- Opening Delimiter -

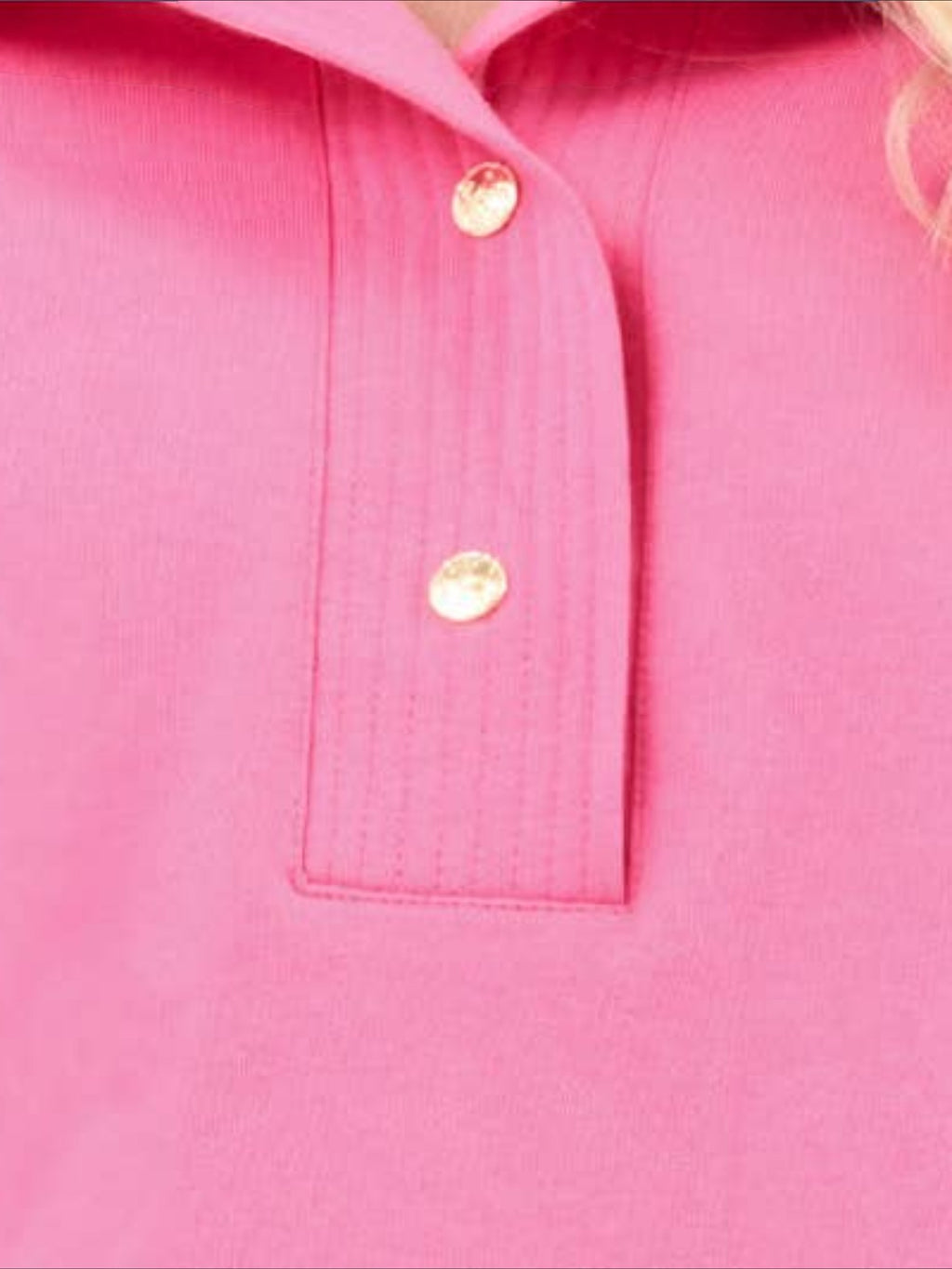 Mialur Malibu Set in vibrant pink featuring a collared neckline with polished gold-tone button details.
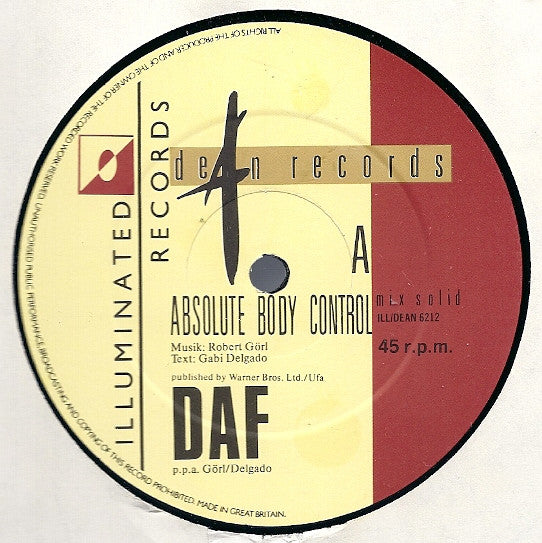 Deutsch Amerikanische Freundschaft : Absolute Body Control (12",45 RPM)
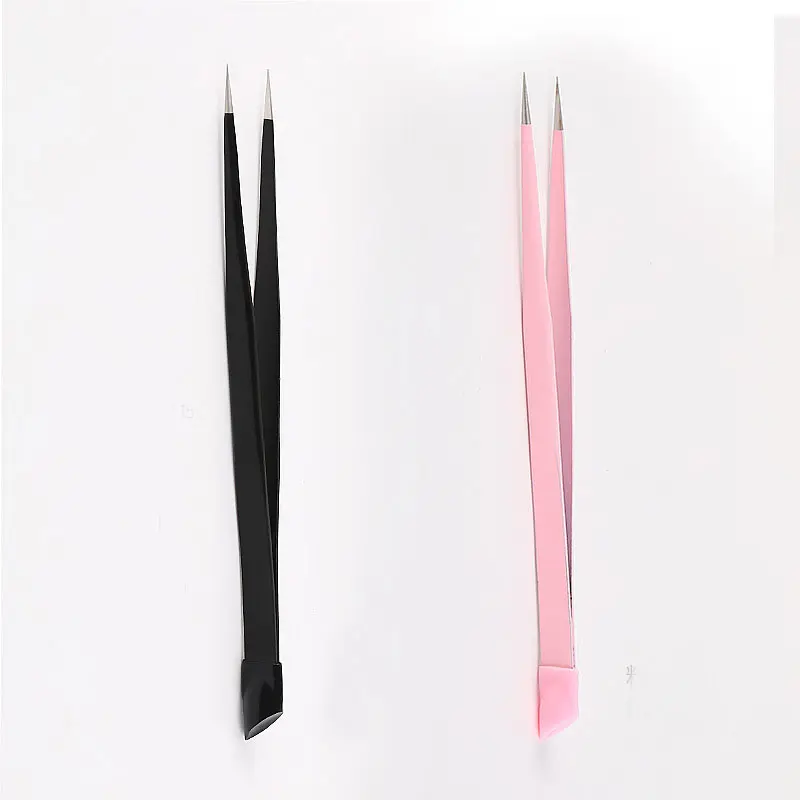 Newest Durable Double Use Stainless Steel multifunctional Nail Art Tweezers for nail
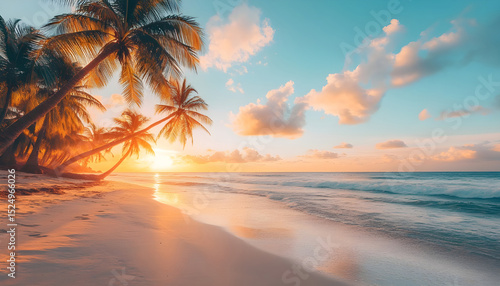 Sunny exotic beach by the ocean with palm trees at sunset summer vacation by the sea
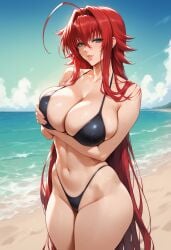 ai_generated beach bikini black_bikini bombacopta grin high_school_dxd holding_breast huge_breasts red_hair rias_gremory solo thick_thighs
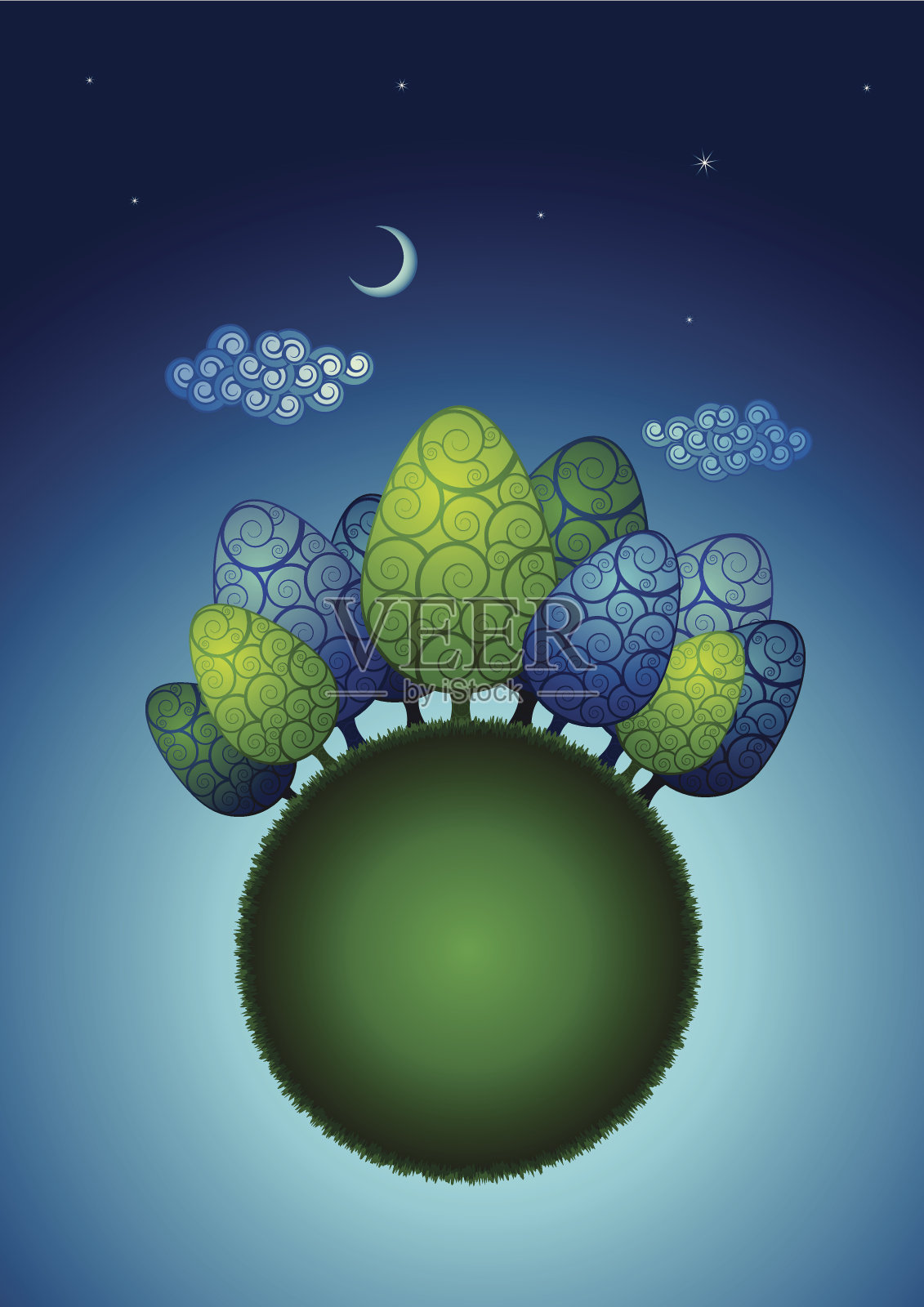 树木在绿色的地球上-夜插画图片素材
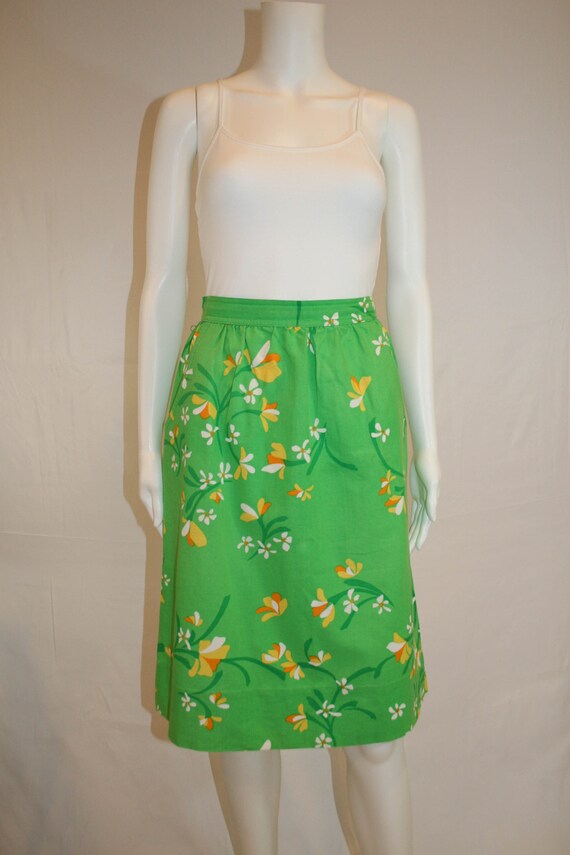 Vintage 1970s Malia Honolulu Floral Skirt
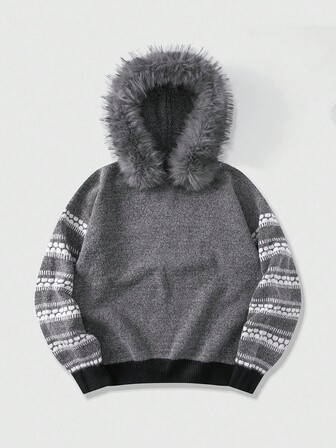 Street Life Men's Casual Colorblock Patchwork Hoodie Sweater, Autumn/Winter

- Closing Delimiter -
- Opening Delimiter -

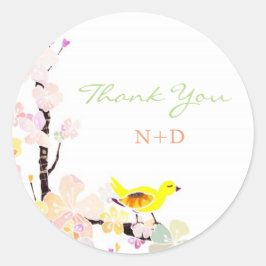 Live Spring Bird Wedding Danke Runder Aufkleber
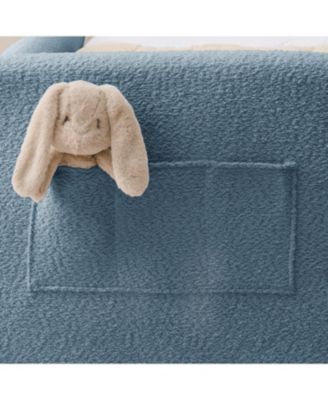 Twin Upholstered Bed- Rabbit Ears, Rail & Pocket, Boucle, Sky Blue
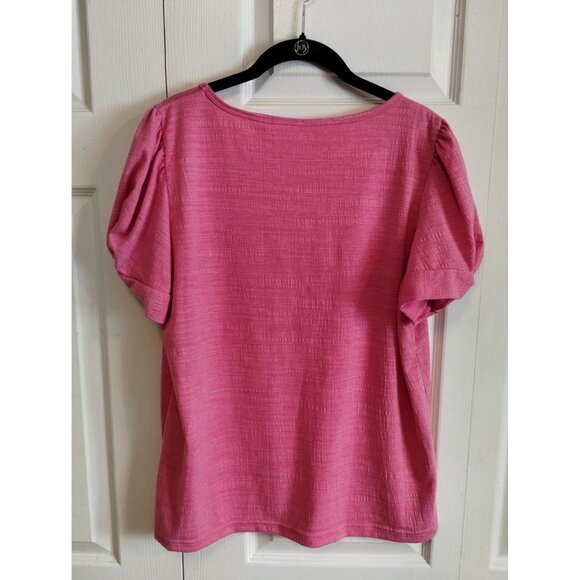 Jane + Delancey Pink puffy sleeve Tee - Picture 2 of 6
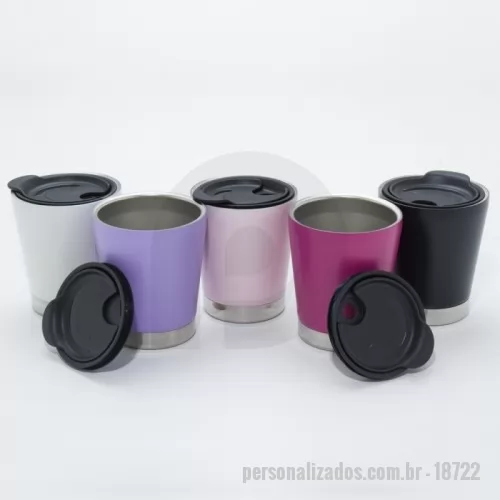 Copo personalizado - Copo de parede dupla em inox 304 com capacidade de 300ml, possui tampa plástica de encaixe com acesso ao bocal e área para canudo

- Closing Delimiter -
- Opening Delimiter -

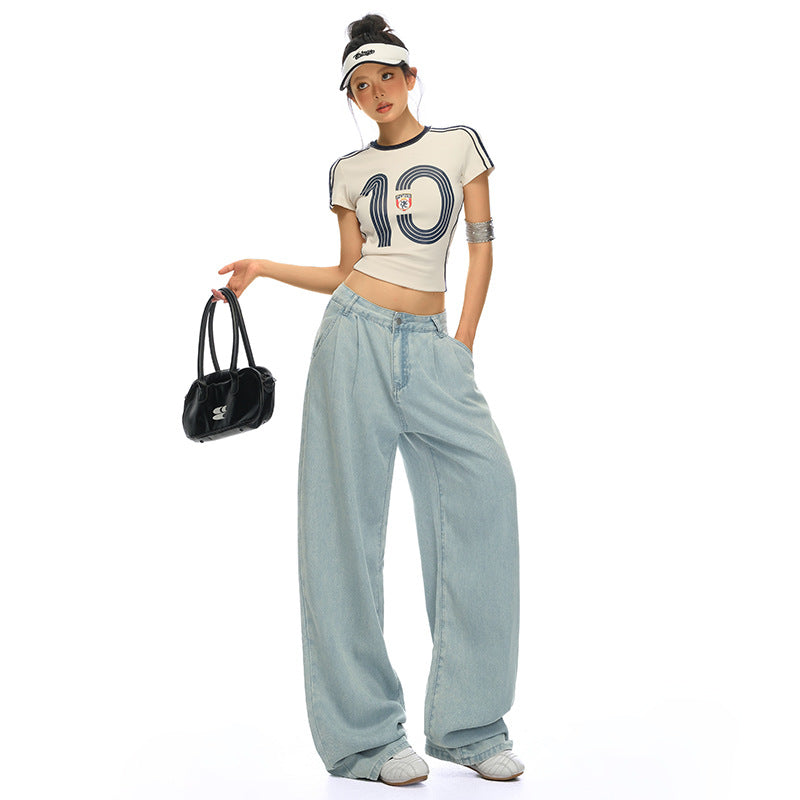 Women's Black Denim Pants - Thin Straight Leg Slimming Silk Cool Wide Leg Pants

- Closing Delimiter -

Could you transcribe exactly the entries above, but only the lines from the one with "Jane + Delancey" through the one with "Copo personalizado - Copo", and without pictures?

* [Written answer]:
 Jane + Delancey Pink puffy sleeve Tee - Picture 2 of 6
 Copo personalizado - Copo de parede dupla em inox 304 com capacidade de 300ml, possui tampa plástica de encaixe com acesso ao bocal e área para canudo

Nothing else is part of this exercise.